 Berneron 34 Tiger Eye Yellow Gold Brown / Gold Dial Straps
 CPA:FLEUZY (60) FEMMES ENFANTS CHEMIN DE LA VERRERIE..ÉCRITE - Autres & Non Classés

--

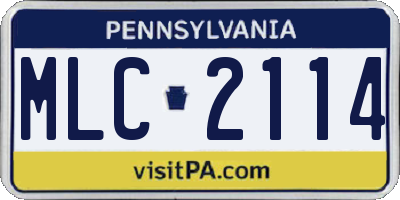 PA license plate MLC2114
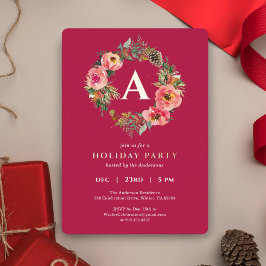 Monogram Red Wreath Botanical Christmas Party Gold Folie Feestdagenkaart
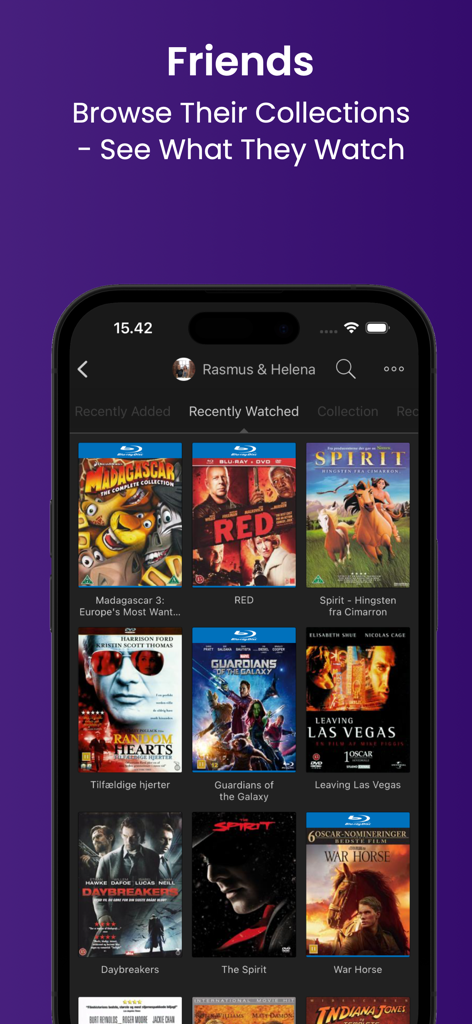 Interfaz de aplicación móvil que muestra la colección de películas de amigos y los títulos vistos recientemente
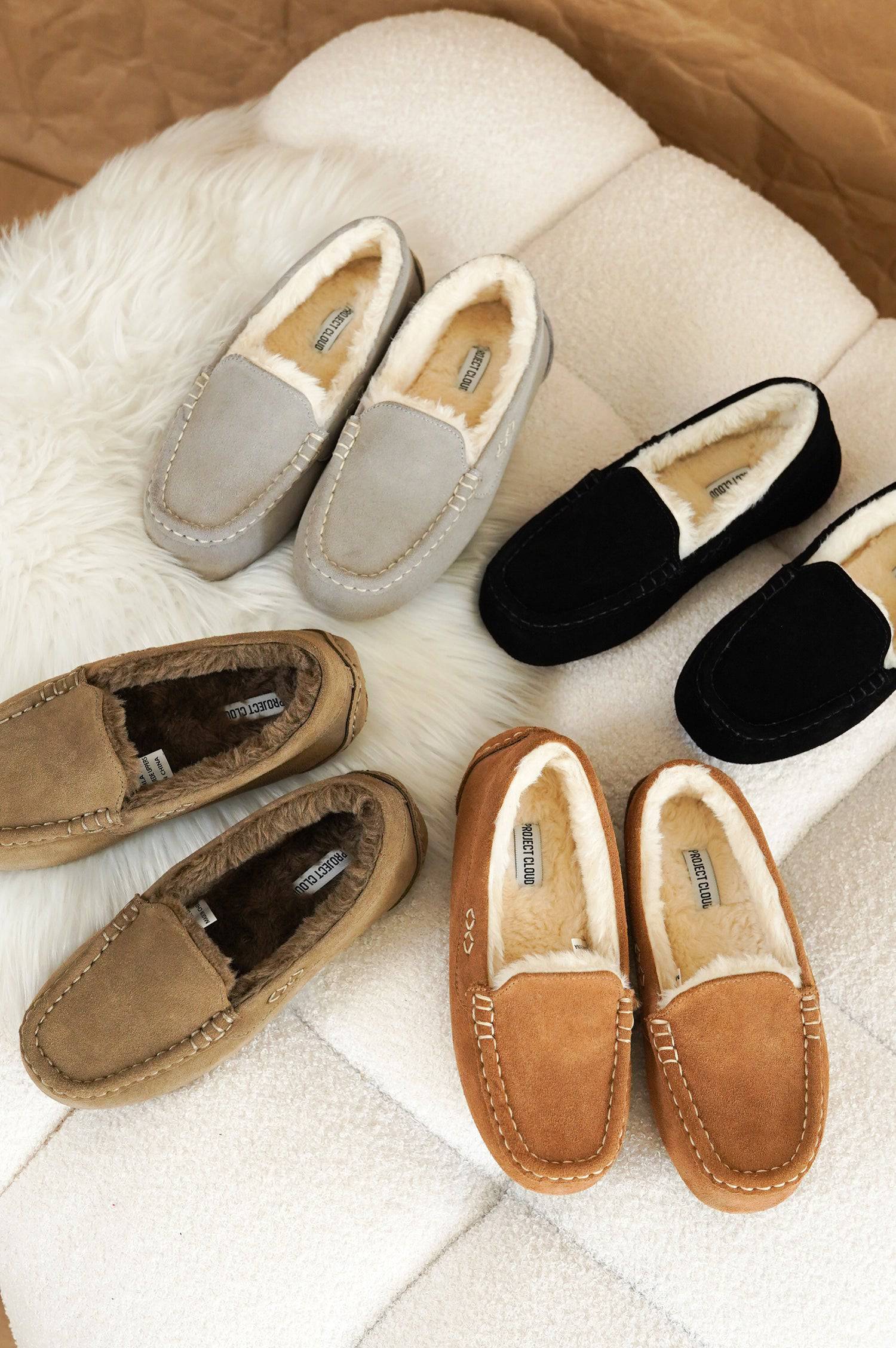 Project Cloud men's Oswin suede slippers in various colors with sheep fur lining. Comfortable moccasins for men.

== YOUR GOAL ==
Look above for the line holding "Berneron 34 Tiger" and the line holding "CPA:FLEUZY (60) FEMMES". Retype both, and every line between them, word for word and nothing else.

== RESPONSE FOR THIS EXERCISE ==
 Berneron 34 Tiger Eye Yellow Gold Brown / Gold Dial Straps
 CPA:FLEUZY (60) FEMMES ENFANTS CHEMIN DE LA VERRERIE..ÉCRITE - Autres & Non Classés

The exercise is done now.